We frequently hear from GTOs how much the weather can affect a group trip – so it’s great to be able to report back from a day out where the weather was truly on our side. I, along with a party of Group Leisure & Travel readers, enjoyed a trip to the Arboretum with sun cream and hats at the ready, and marvelled over the outdoor offering under clear blue skies.
This Reader Club Trip provided attendees with an overview of what the National Memorial Arboretum is, and what groups can enjoy there. As well as witnessing a Daily Act of Remembrance, we were taken on a guided tour around many of the major memorials, before enjoying a delicious lunch and an informative talk.
“My wife and I enjoyed the visit enormously. We have started arranging a group visit with about 25 people already – thank you so much for the opportunity to visit the Arboretum prior to taking them; the information gained will prove invaluable.”
Steve Wynn, Gloucester Fun Raisers
The feedback from those who were on the trip was very positive and many of those who attended are already planning to return with their groups.
Two minutes of perfect silence
Everyone who visits the Arboretum has the chance to observe a Daily Act of Remembrance in the Millennium Chapel of Peace and Forgiveness. As a national site of remembrance, the Arboretum holds the two minutes of silence at 11am on every day of the year without exception.
It is the only place in the UK where you can do this, and serves as an appropriate reminder that even though your day out is going to be a fun and interesting one, the thinking behind the Arboretum stems from poignant origins.
You don’t have to sit in for the silence, but I’d recommend doing so, as it really brings together those in attendance and offers an informative introduction to the history of the Arboretum. The volunteers who run the introductory talks are full of knowledge and happy to be questioned about everything from donations to the symbolism behind some of the memorials.
A grand tour
Our group was split into two to explore some of the Arboretum’s main memorials, and we went on foot to see them up close. There are more than 300 memorials overall, each nestled in a woodland landscape, with a story waiting to be shared.
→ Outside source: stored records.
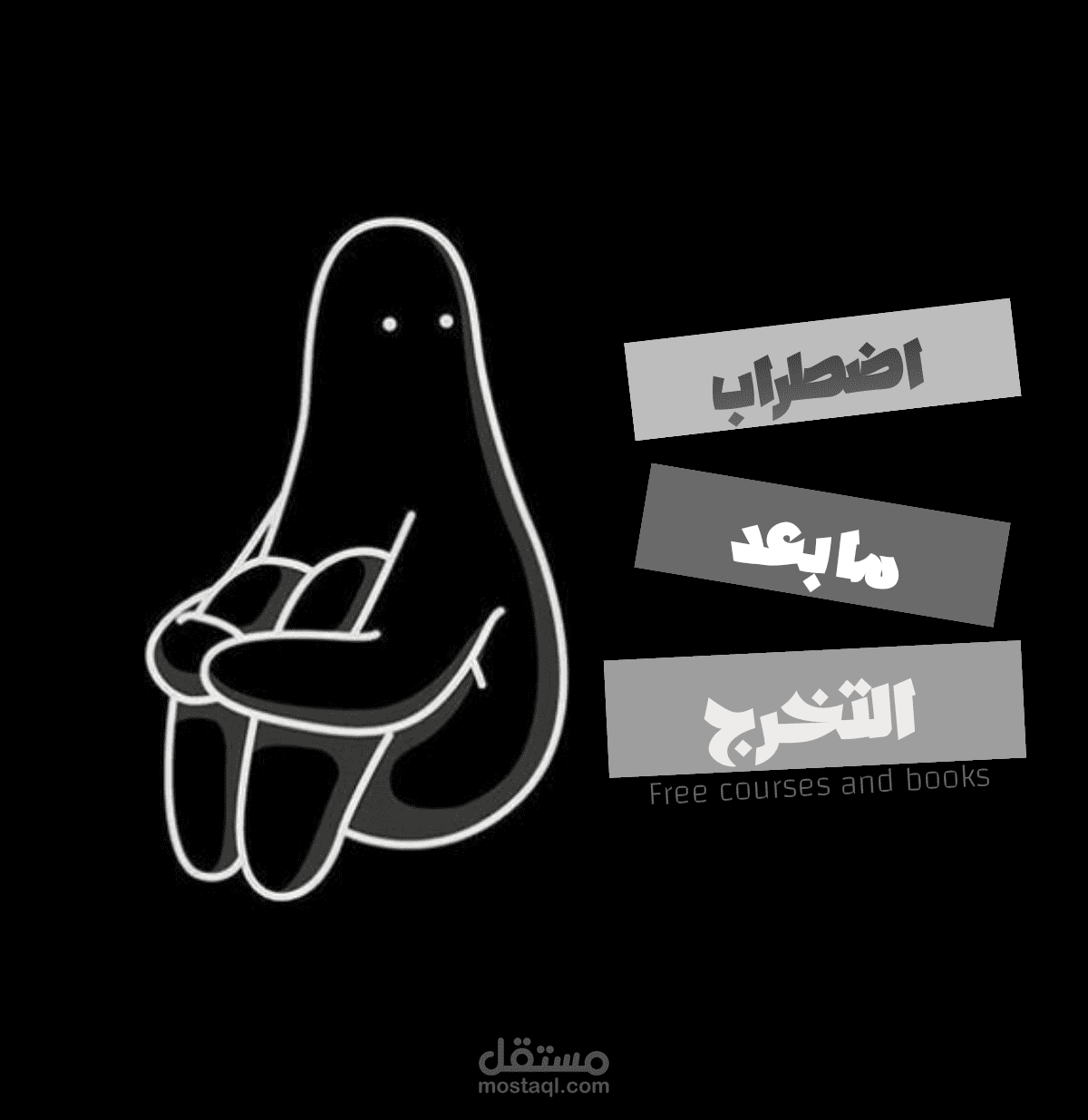مقال عن اكتئاب ما بعد التخرج.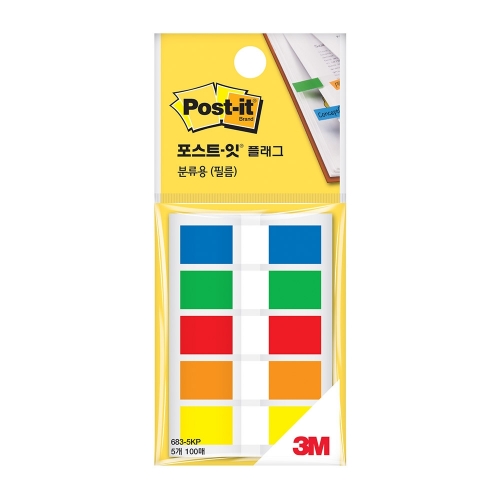 3M 포스트잇 플래그 683 5KP 12 44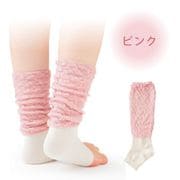 眠+ (ミンプラス) おやすみレッグウォーマー 日本製 シルクタイプ 睡眠サポート ピンク MINP212-16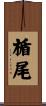 楯尾 Scroll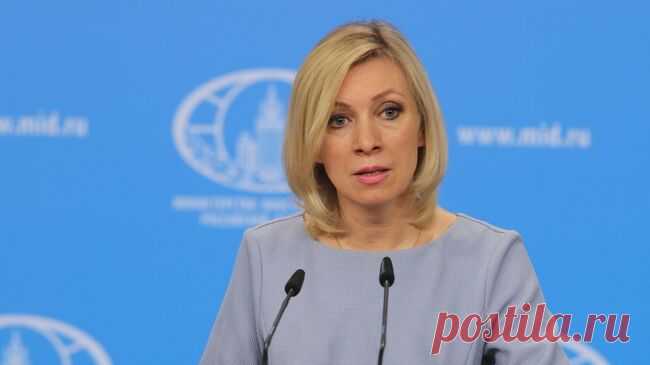 Цифровая дипломатия не заменит классические методы, заявила Захарова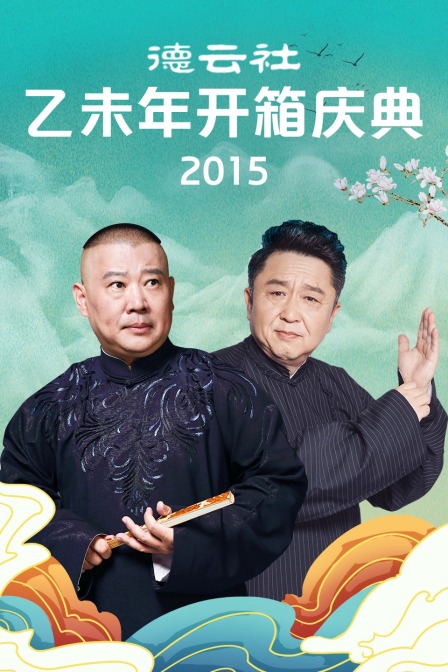 德云社乙未年开箱庆典 2015海报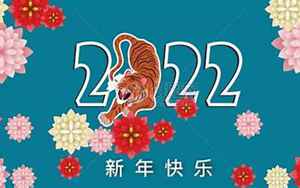 2022年生肖运势运程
The site overall is almost like a giant art installation; many of the commemorative pieces are colourful and incredibly interesting to look at.
The walking tour I was on took in highlights including the Evacuees Memorial, which is intended to portray the social upheaval of World War Two; the Basra Memorial Wall, which commemorates the UK Service personnel who lost their lives on combat operations in Iraq; and The Gift of Life memorial which pays tribute to organ donors.
The most recognisable memorial is that of the Armed Forces, which remembers those members of the Armed Forces who were killed on duty. The memorial is a jaw-dropping piece of architecture comprising a 43 metre diameter stone structure with two curved walls and two straight walls containing the names of those honoured here. It’s unlikely you’ll miss it; it’s gargantuan compared to the rest of the monuments and statues.
“What a truly great day we had at the National Memorial Arboretum! A very interesting and thought provoking visit; we look forward to bringing a group to experience this special place.”
Gordon & Gayle Hadden, B & B Group Leisure
Group who don’t want to walk around the Arboretum will find land train and golf buggy tours available which head to different parts of the site. Land train tours can take up to 70 people at one time, just make sure you book your group onto one ahead of your visit.
More at the Arboretum
In addition to the outdoor offering, the National Memorial Arboretum has a number of exhibitions running throughout the year. Our trip gave us all a chance to explore to Fashion and Freedom – an exhibit running until November that looks at how women’s fashion in World War One has influenced fashion today.
And in Landscapes of Life (a permanent display), you can use an audio guide to hear a variety of moving and fascinating stories, providing the great insight to the Arboretum and its rich collection of memorials and wildlife.
Benefits for groups
Groups of ten or more are asked to book in advance of their visit to the Arboretum. Dining packages in a private room, special tours, and discounted rates on features like the land train and the exhibitions are available.